Retrieval-Augmented Generation (RAG) is a technique for building AI systems that lets a language model consult external documents before it answers a question. Instead of relying only on what was learned during training, a RAG pipeline first searches a knowledge base for passages relevant to the user's query, then feeds those passages to the model as context. The result is a generated response that is grounded in specific, citable sources rather than purely in the model's internal weights.
How Retrieval-Augmented Generation works
A typical RAG system has two main components: a retriever and a generator. The retriever is usually a vector search index built from a corpus of documents. When each document is added to the index, an embedding model converts its chunks into numerical vectors; the same model embeds the incoming user query, and a similarity search (commonly nearest-neighbor lookup using cosine or dot-product distance) returns the chunks whose vectors are closest to the query. The top-ranked chunks are then inserted into the prompt that is sent to the large language model, often alongside instructions such as “answer using only the provided context.”

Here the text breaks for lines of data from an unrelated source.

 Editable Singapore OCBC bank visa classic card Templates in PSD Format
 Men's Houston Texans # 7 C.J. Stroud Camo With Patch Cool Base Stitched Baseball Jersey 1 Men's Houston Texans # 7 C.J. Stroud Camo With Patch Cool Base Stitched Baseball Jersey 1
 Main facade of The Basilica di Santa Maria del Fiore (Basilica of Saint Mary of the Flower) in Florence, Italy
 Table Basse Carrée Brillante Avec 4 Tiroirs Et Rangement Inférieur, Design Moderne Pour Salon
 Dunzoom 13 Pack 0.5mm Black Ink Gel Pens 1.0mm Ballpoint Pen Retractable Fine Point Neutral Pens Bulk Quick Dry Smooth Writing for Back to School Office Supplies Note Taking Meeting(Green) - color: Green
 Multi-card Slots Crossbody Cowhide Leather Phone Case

For example, if a user asks an internal company assistant “What is our parental leave policy?”, the retriever finds the relevant section of the employee handbook, and the language model uses those passages to compose a precise answer that quotes the policy. This pattern, introduced in the 2020 paper by Lewis et al. at Facebook AI Research, separates knowledge (stored in the index) from reasoning (performed by the model), which is why the approach scales well as source material changes.
Why it matters
RAG addresses three persistent problems with standalone language models. First, it reduces hallucinations because the model is anchored to retrieved text rather than improvising. Second, it lets a system reflect information that did not exist, or that has changed, since the model's training cutoff, simply by updating the index. Third, it makes the model's answers more verifiable: developers and users can inspect the retrieved chunks, cite them, and trace any claim back to a source document.
These properties make RAG the default pattern for enterprise question answering, customer support copilots, legal and compliance search, and AI assistants that need to operate over private or proprietary data without retraining the underlying model.
Key types and patterns
- Naive (or “Retrieve-and-Read”) RAG: a single retrieval step feeds the top-k chunks directly into the generator's prompt.

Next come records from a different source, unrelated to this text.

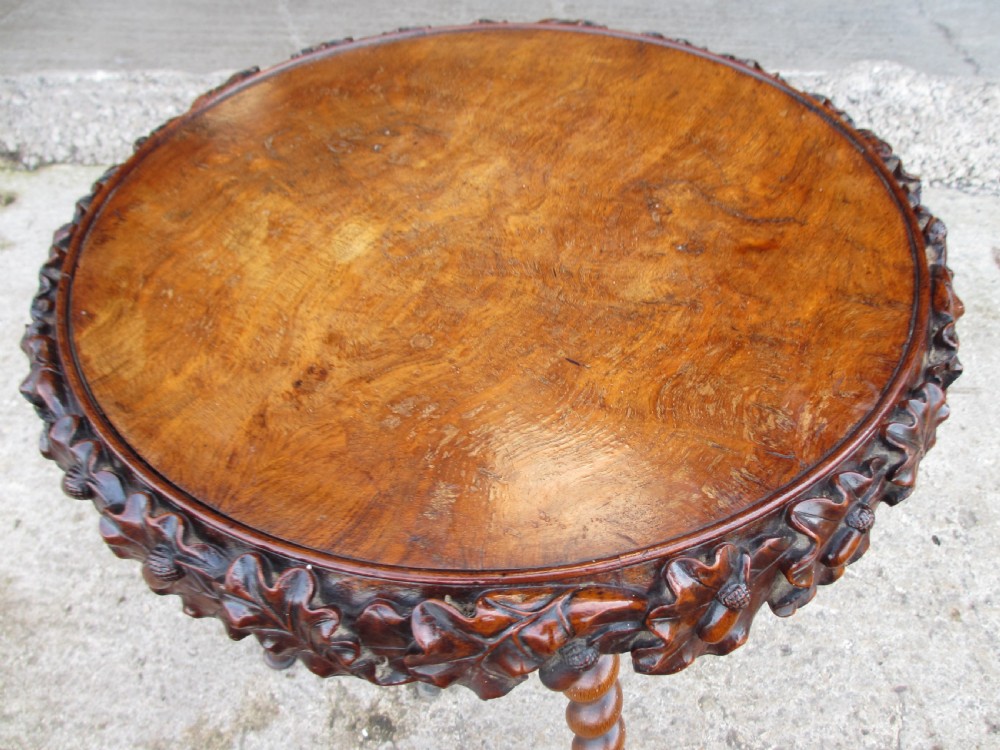 19th Century Oak and Walnut round top Gypsy occasional table View V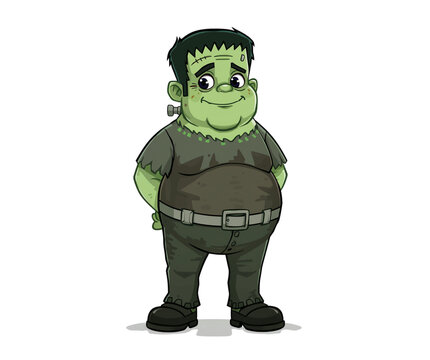 Cute cartoon depiction of frankenstein's monster against a solid black background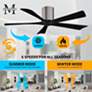 52" Matthews Irene-5H Pewter and Black Hugger Ceiling Fan with Remote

- Advanced RAG: adds query rewriting, re-ranking, and chunk-level filtering before generation to improve precision.
- Modular RAG: composes the pipeline from interchangeable components such as web search, SQL lookup, or API calls, and may loop between retrieval and generation.
- Graph RAG: builds a knowledge graph from the corpus and retrieves subgraphs of related entities, which can produce more contextual answers on connected data.

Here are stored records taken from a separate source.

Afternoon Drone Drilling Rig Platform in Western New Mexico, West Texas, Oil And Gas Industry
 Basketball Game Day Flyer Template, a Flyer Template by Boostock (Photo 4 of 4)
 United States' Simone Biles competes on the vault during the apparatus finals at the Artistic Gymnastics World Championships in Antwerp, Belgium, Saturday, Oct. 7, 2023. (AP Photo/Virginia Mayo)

- Agentic RAG: lets the language model decide when and what to retrieve, often across multiple tools, before producing a final answer.
By decoupling storage of knowledge from the reasoning engine, RAG has become a foundational building block for production AI applications that need to be accurate, current, and auditable. The original research is described in Lewis et al., “Retrieval-Augmented Generation for Knowledge-Intensive NLP Tasks” (2020), and current best practices are documented in frameworks such as LlamaIndex and LangChain.